Work required: Copy out precisely the lines of the material that follows, beginning with the line containing "غرق شدن پیرمرد ۶۵ساله در دریاچه ارومیه" and ending with its last line; exclude pictures.

Records for this exercise:
══════
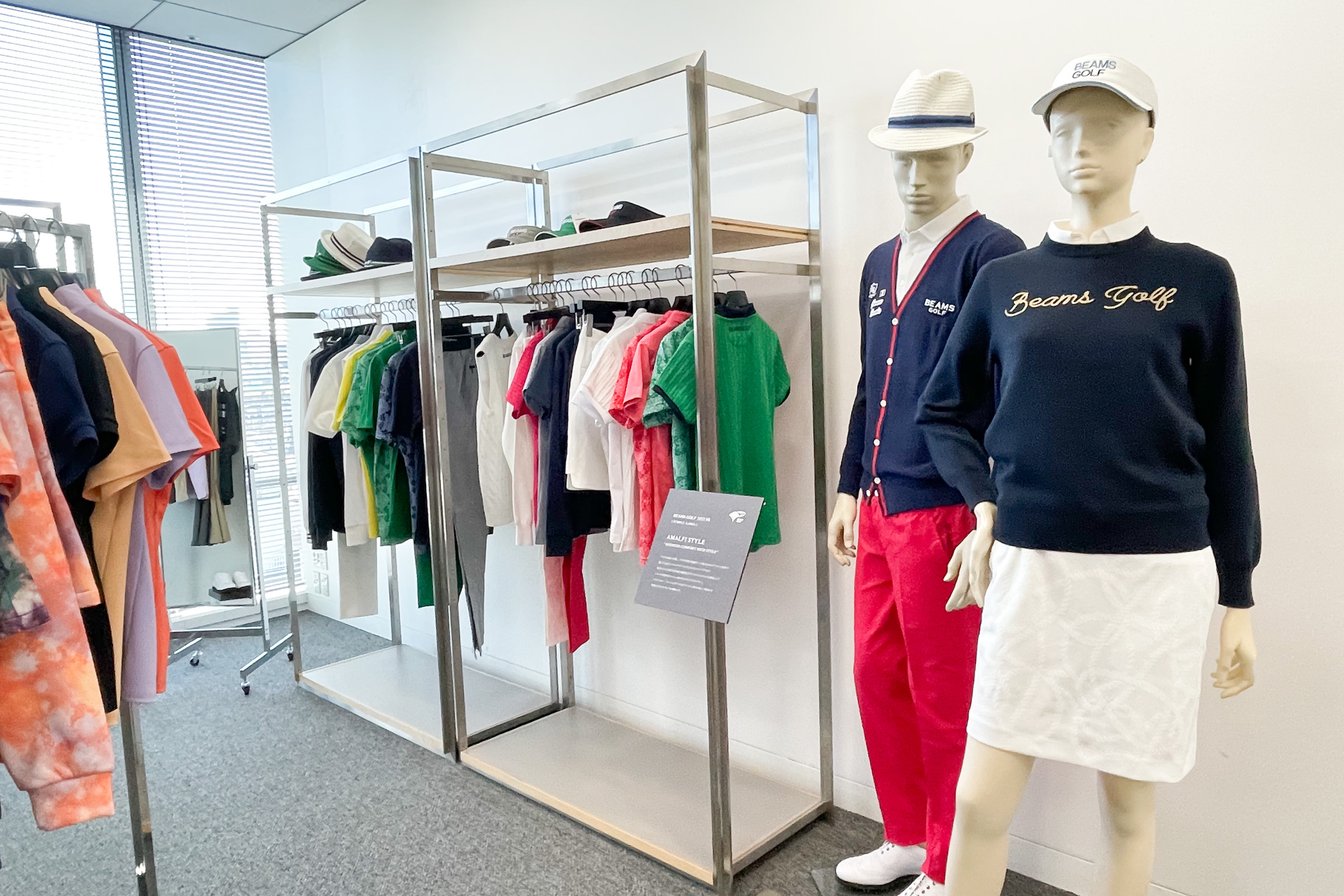 ビームスゴルフ パープルレーベル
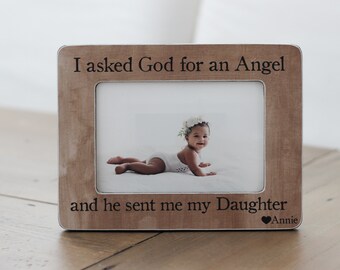 Gift for Dad, Fathers Day Gift, Little Girl, Father Daughter, Picture Frame, Gift for Father's Day, Fathers Day Gift, Fathers Day Frame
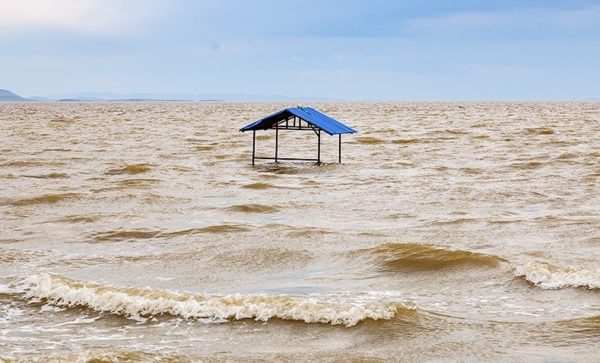 غرق شدن پیرمرد ۶۵ساله در دریاچه ارومیه
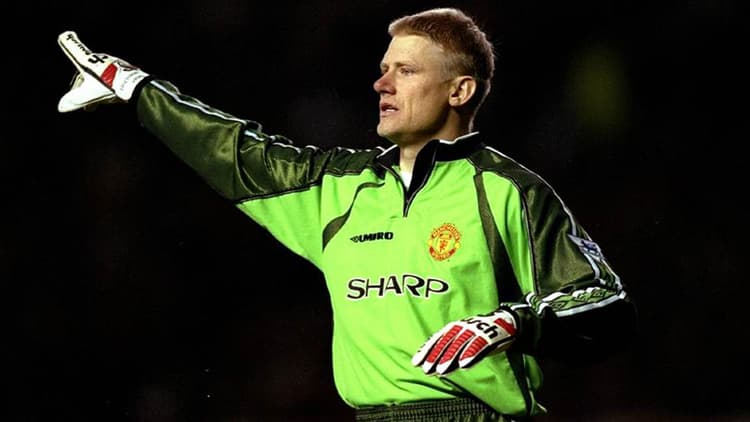 Perhaps the hardest player to leave out of this team: Peter Schmeichel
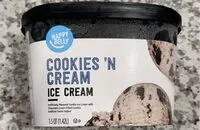 Mängden socker i Cookies ‘N Cream Ice Cream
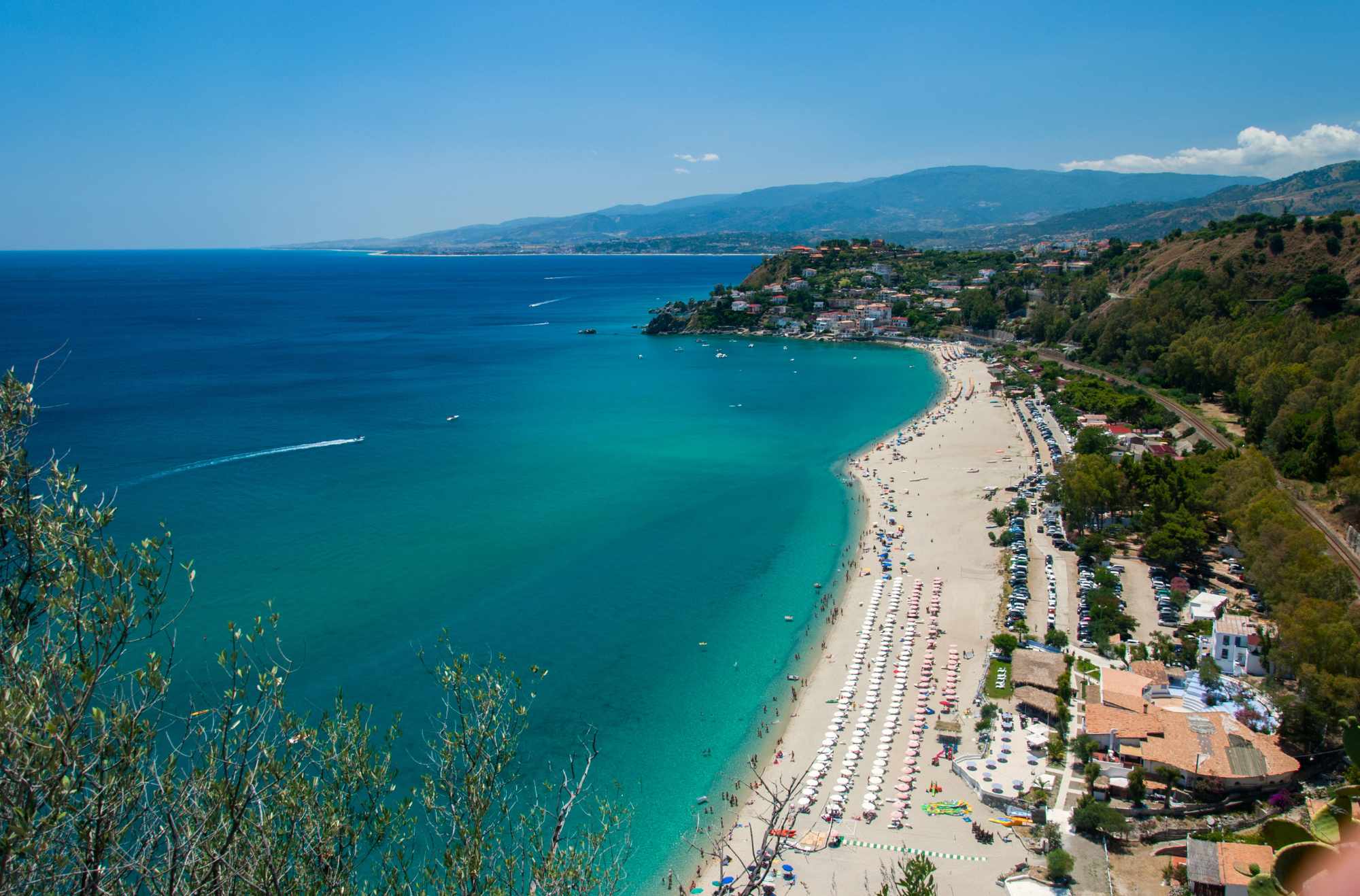 spiaggia di Caminia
══════
Solution:
 غرق شدن پیرمرد ۶۵ساله در دریاچه ارومیه
 Perhaps the hardest player to leave out of this team: Peter Schmeichel
 Mängden socker i Cookies ‘N Cream Ice Cream
 spiaggia di Caminia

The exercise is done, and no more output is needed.